# What you are asked to do
Wherever pictures occur in the entries below, leave them out and retype the rest exactly.

# Records supplied

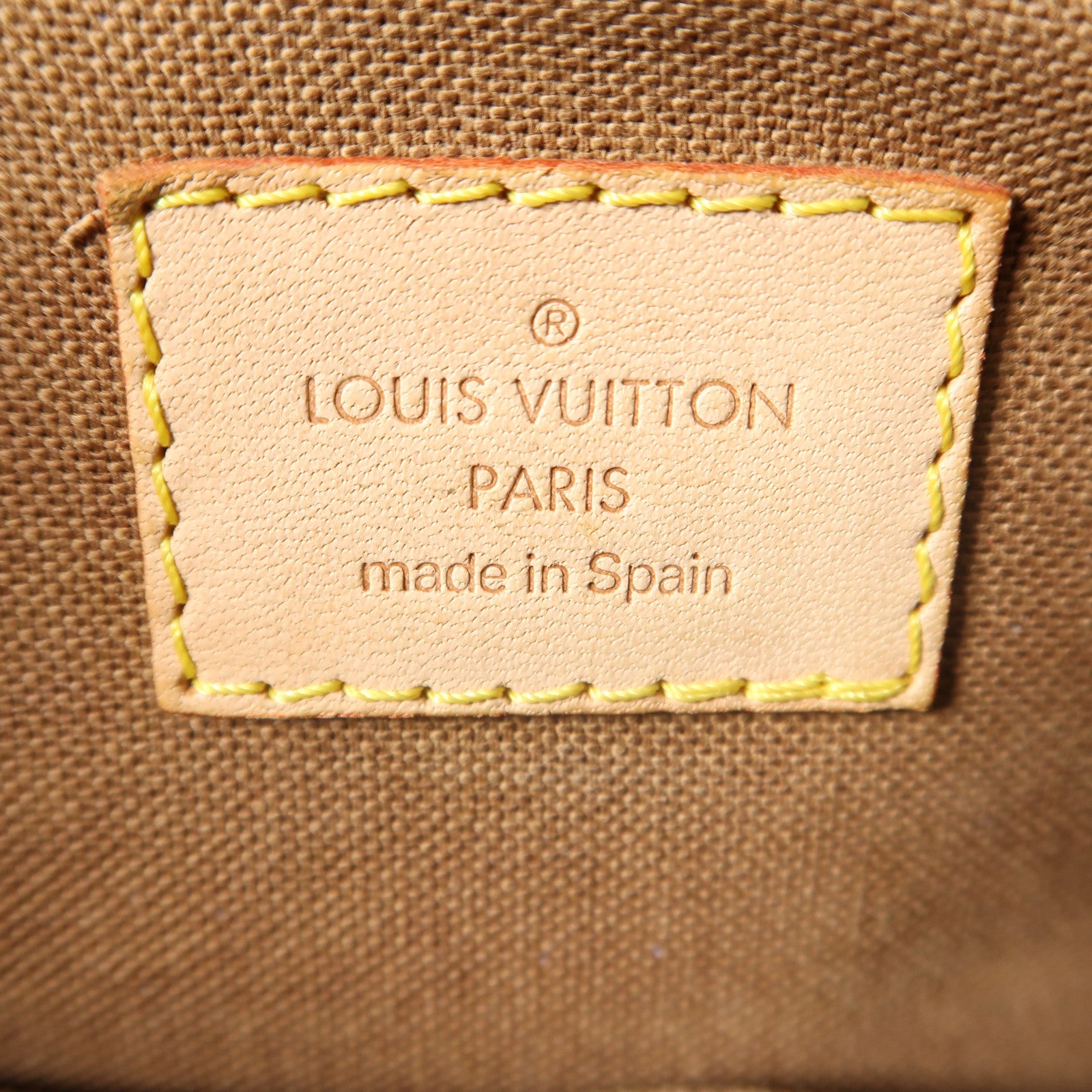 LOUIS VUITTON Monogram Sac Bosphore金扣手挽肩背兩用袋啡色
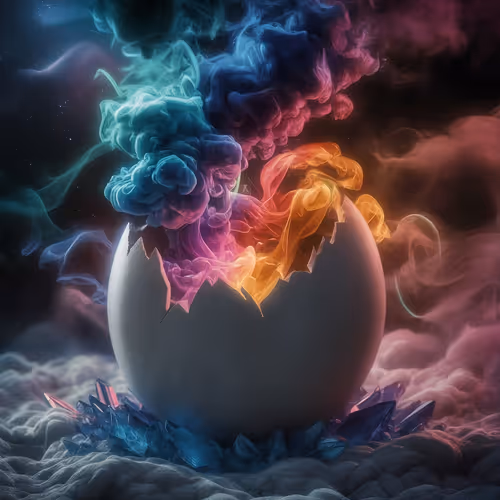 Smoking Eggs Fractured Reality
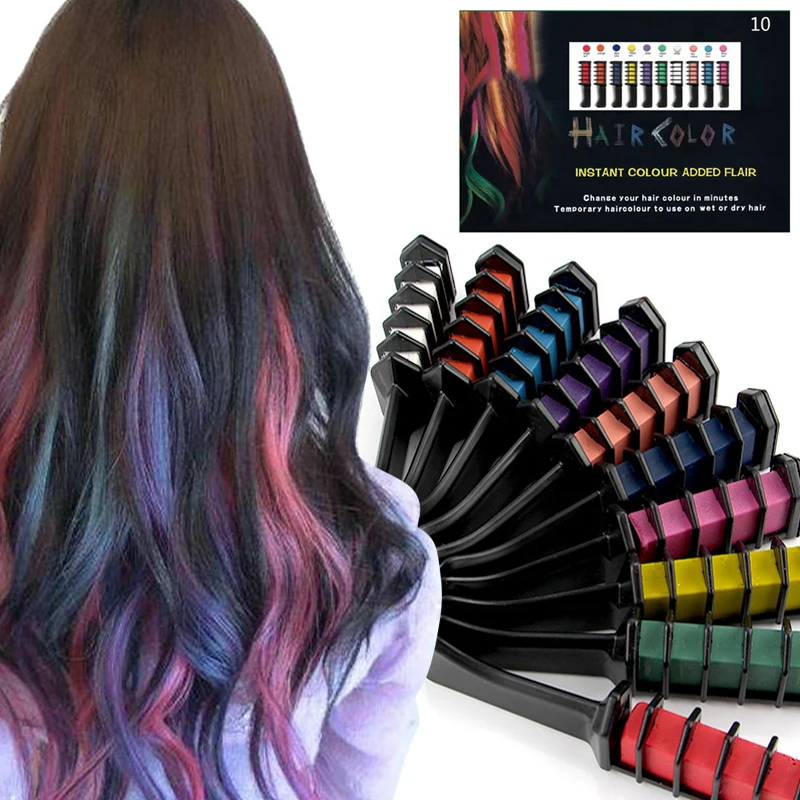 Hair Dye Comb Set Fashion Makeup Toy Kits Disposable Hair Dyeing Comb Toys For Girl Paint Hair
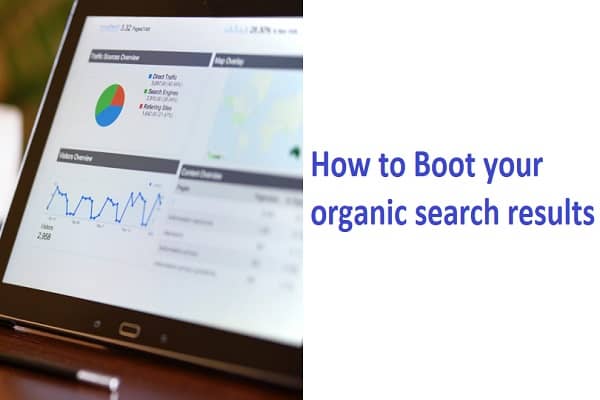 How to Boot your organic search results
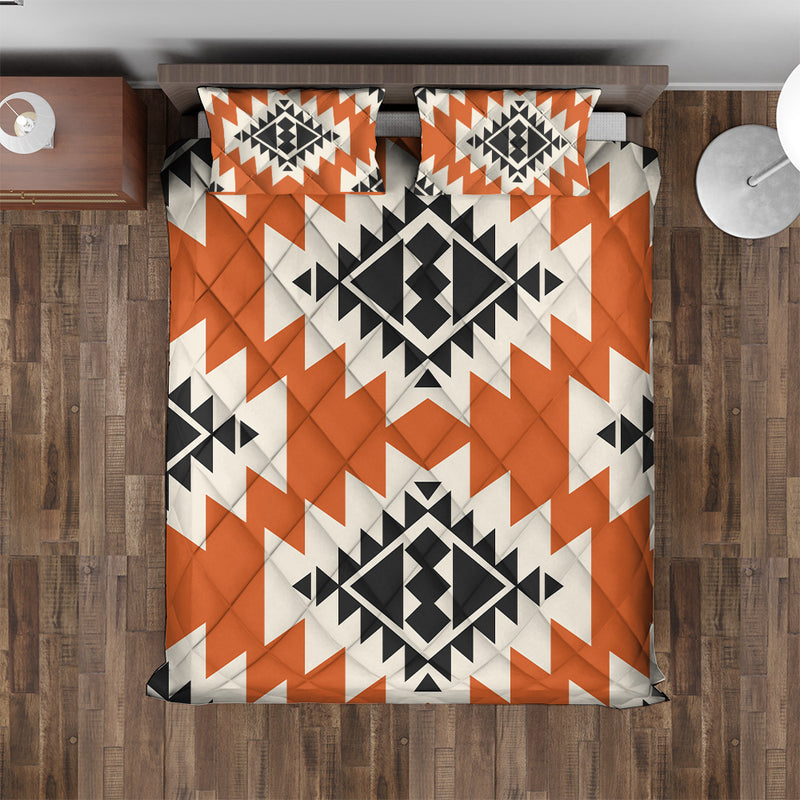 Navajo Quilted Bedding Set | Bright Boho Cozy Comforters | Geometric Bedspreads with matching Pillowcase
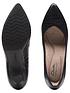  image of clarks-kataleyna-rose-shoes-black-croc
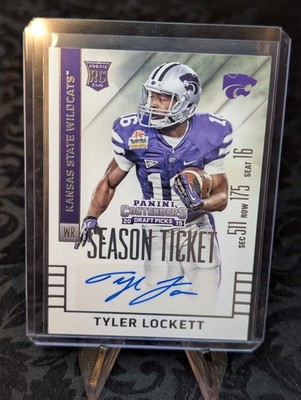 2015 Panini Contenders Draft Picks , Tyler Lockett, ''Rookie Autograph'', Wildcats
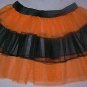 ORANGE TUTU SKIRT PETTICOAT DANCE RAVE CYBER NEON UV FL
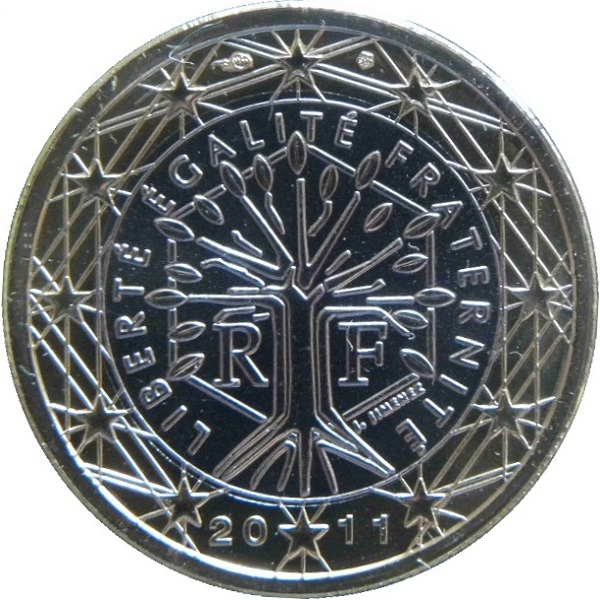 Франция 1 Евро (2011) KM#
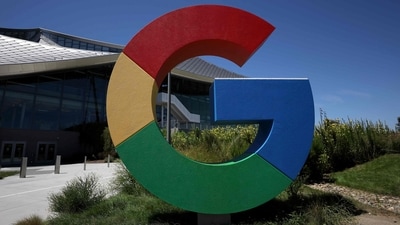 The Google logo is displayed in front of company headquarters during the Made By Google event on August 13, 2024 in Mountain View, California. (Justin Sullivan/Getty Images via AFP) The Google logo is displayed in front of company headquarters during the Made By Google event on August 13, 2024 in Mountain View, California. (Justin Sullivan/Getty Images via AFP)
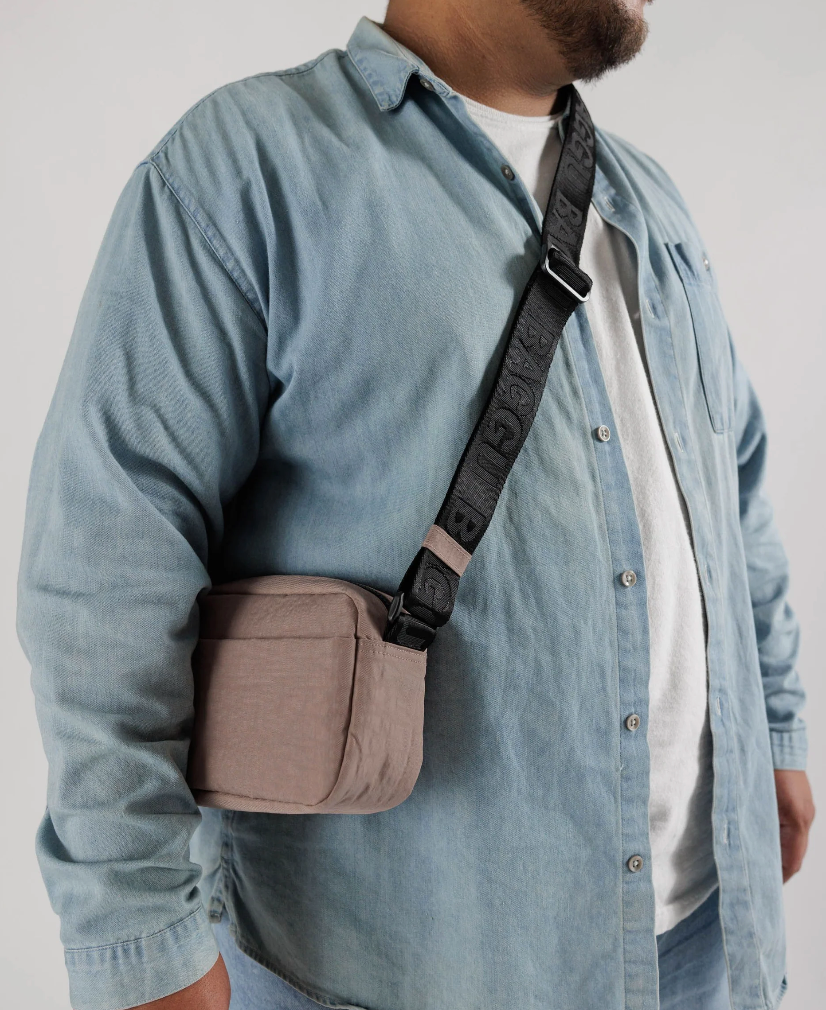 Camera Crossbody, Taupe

# Written answer
 LOUIS VUITTON Monogram Sac Bosphore金扣手挽肩背兩用袋啡色
 Smoking Eggs Fractured Reality
 Hair Dye Comb Set Fashion Makeup Toy Kits Disposable Hair Dyeing Comb Toys For Girl Paint Hair
 How to Boot your organic search results
 Navajo Quilted Bedding Set | Bright Boho Cozy Comforters | Geometric Bedspreads with matching Pillowcase
  image of clarks-kataleyna-rose-shoes-black-croc
 2015 Panini Contenders Draft Picks , Tyler Lockett, ''Rookie Autograph'', Wildcats
 ORANGE TUTU SKIRT PETTICOAT DANCE RAVE CYBER NEON UV FL
 Франция 1 Евро (2011) KM#
 The Google logo is displayed in front of company headquarters during the Made By Google event on August 13, 2024 in Mountain View, California. (Justin Sullivan/Getty Images via AFP) The Google logo is displayed in front of company headquarters during the Made By Google event on August 13, 2024 in Mountain View, California. (Justin Sullivan/Getty Images via AFP)
 Camera Crossbody, Taupe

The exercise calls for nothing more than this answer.